### What to work on
Leave out the pictures, then return the records word for word.

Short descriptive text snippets
▽

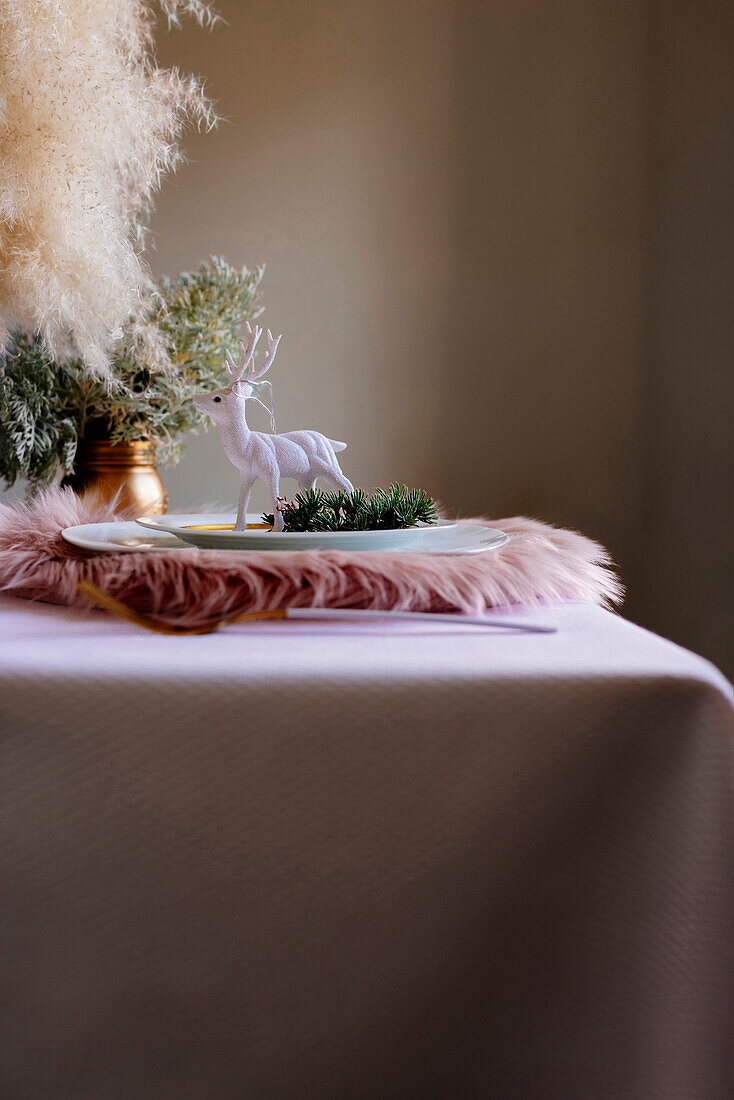 Von oben weihnachtlich gedeckter Tisch mit Kranzdekoration und weißem und goldenem Geschirr und weißem Rentier auf flauschigem Tischset auf rosa Tischtuch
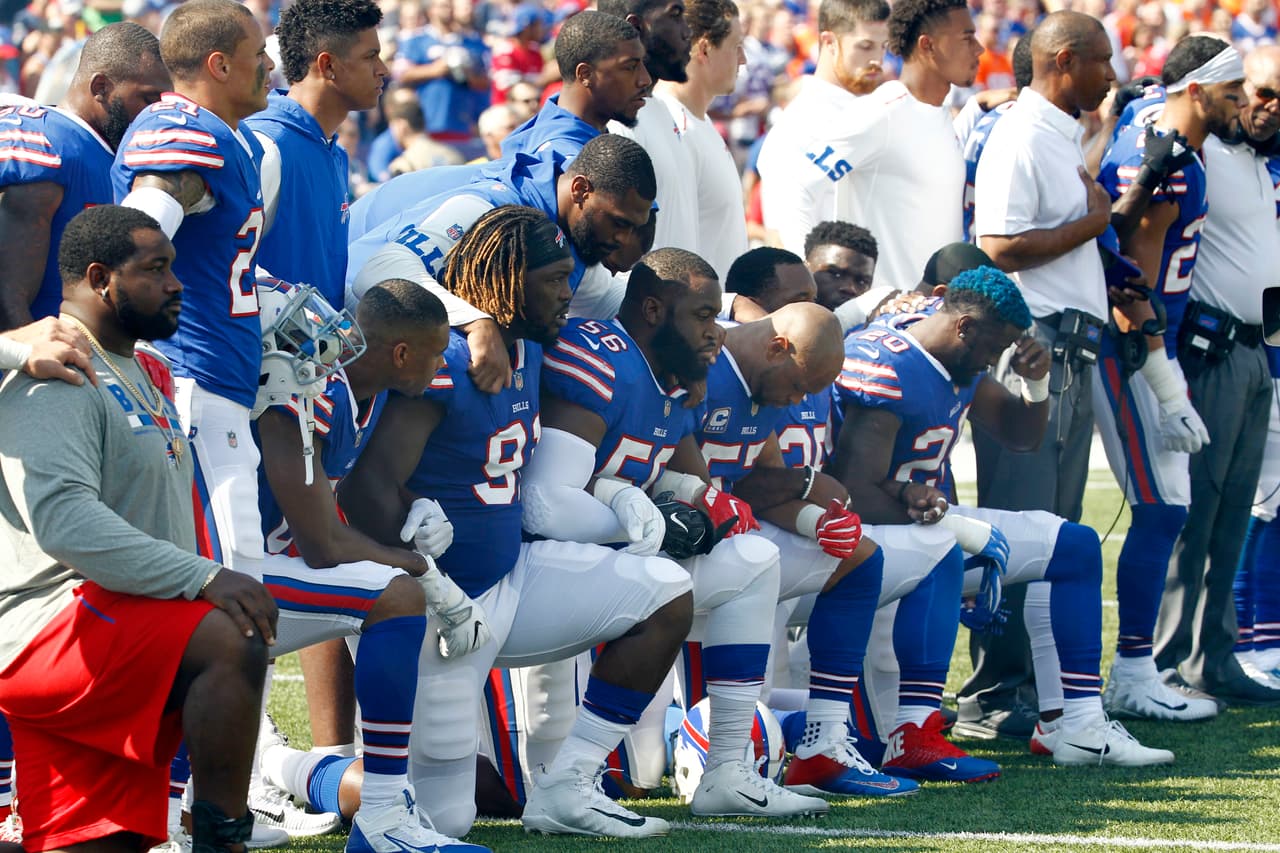 Buffalo Bills players take a knee during the playing of the national anthem prior to an NFL football game against the Denver Broncos, Sunday, Sept. 24, 2017, in Orchard Park, N.Y. (AP Photo/Jeffrey T. Barnes)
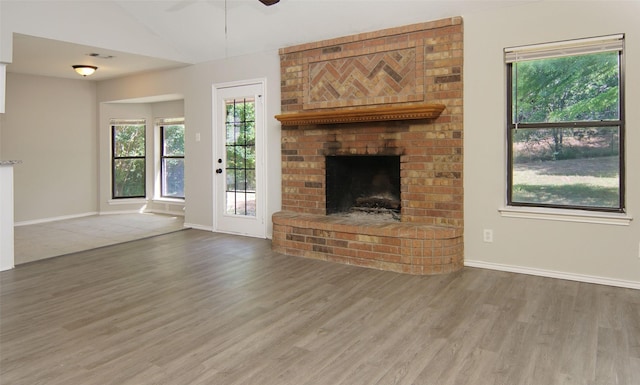 602 Valleyridge Ct, Decatur, TX 76234 - unfurnished living room featuring wood finished floors, a fireplace, vaulted ceiling, a ceiling fan, and baseboards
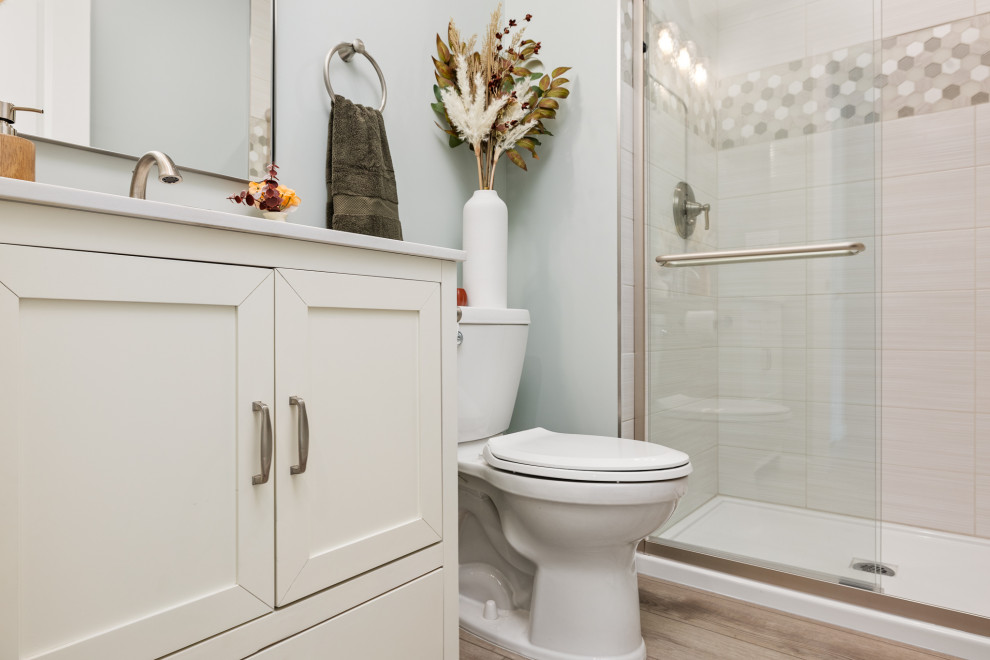 Exemple d'une salle de bain chic de taille moyenne avec un placard à porte shaker, des portes de placard blanches, WC à poser, un carrelage beige, des carreaux de porcelaine, un mur bleu, un sol en vinyl, un lavabo encastré, un plan de toilette en quartz modifié, un sol beige, une cabine de douche à porte coulissante, un plan de toilette blanc, meuble simple vasque et meuble-lavabo sur pied.
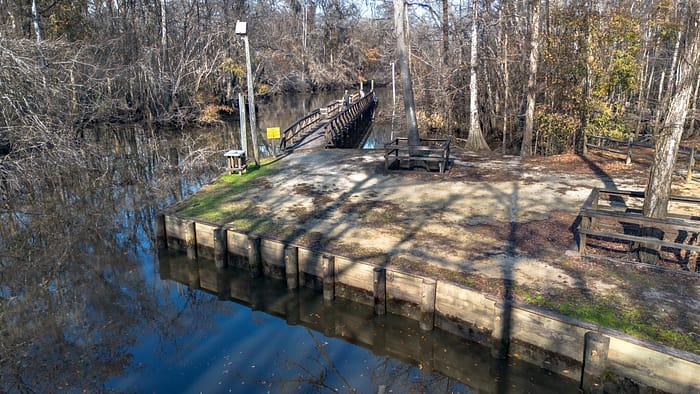 A wooden dock and picnic area sit beside a calm river, surrounded by bare trees in winter. A wooden bridge stretches over the water, and benches and tables are set up on the sandy ground.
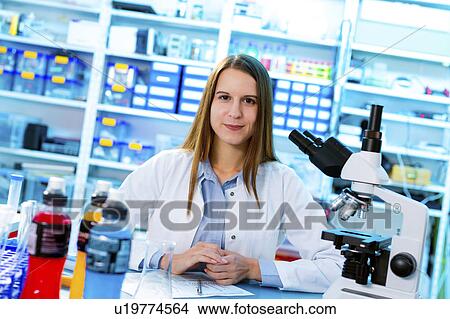 Scientist in lab with microscope View Large Photo Image Picture - Scientist in lab with microscope. Fotosearch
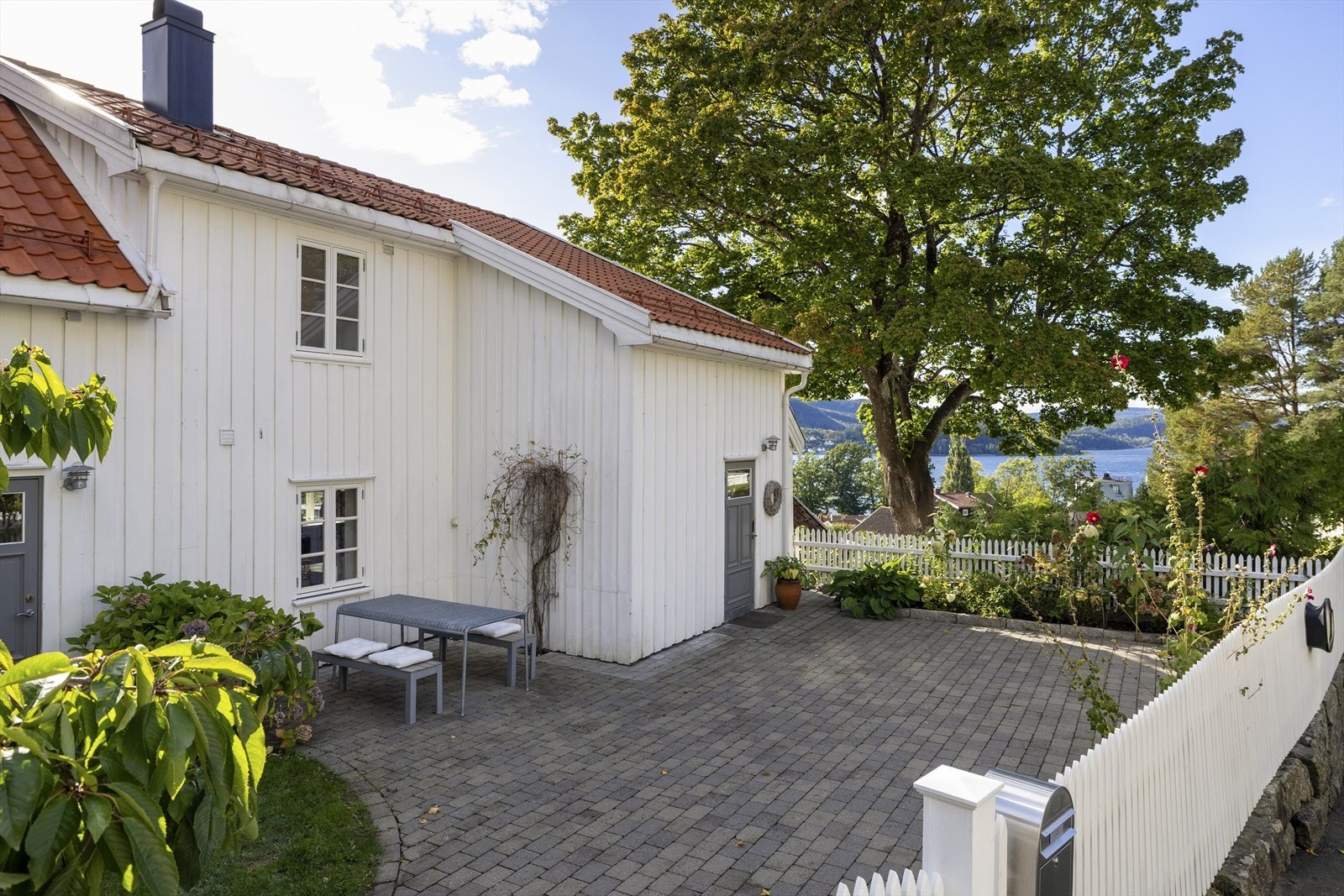 Inngjæret eiendom med elbil-lader montert på stakittgjerdet Galleribilde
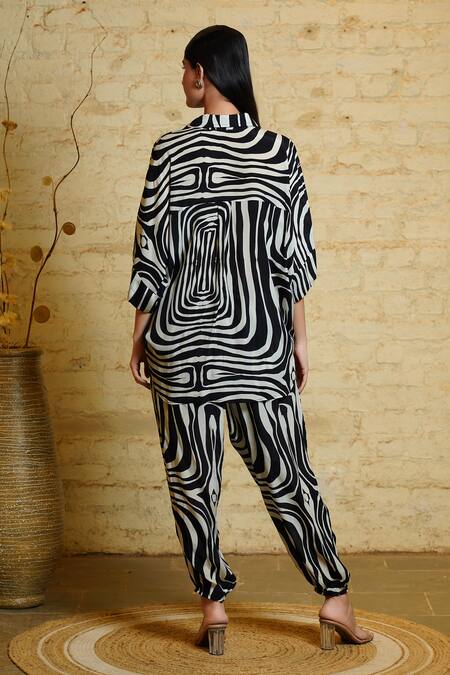 Shop Sajeda A Lehry Black Silk, Crepe Tassels, Metallic Thread Athena Stripe Print Tunic And Pant Set at Aza Fashions Shop_Sajeda A Lehry_Black Silk, Crepe Tassels, Metallic Thread Athena Stripe Print Tunic And Pant Set_at_Aza_Fashions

△

### Task response
 Von oben weihnachtlich gedeckter Tisch mit Kranzdekoration und weißem und goldenem Geschirr und weißem Rentier auf flauschigem Tischset auf rosa Tischtuch
 Buffalo Bills players take a knee during the playing of the national anthem prior to an NFL football game against the Denver Broncos, Sunday, Sept. 24, 2017, in Orchard Park, N.Y. (AP Photo/Jeffrey T. Barnes)
 602 Valleyridge Ct, Decatur, TX 76234 - unfurnished living room featuring wood finished floors, a fireplace, vaulted ceiling, a ceiling fan, and baseboards
 Exemple d'une salle de bain chic de taille moyenne avec un placard à porte shaker, des portes de placard blanches, WC à poser, un carrelage beige, des carreaux de porcelaine, un mur bleu, un sol en vinyl, un lavabo encastré, un plan de toilette en quartz modifié, un sol beige, une cabine de douche à porte coulissante, un plan de toilette blanc, meuble simple vasque et meuble-lavabo sur pied.
 A wooden dock and picnic area sit beside a calm river, surrounded by bare trees in winter. A wooden bridge stretches over the water, and benches and tables are set up on the sandy ground.
 Scientist in lab with microscope View Large Photo Image Picture - Scientist in lab with microscope. Fotosearch
 Inngjæret eiendom med elbil-lader montert på stakittgjerdet Galleribilde
 Shop Sajeda A Lehry Black Silk, Crepe Tassels, Metallic Thread Athena Stripe Print Tunic And Pant Set at Aza Fashions Shop_Sajeda A Lehry_Black Silk, Crepe Tassels, Metallic Thread Athena Stripe Print Tunic And Pant Set_at_Aza_Fashions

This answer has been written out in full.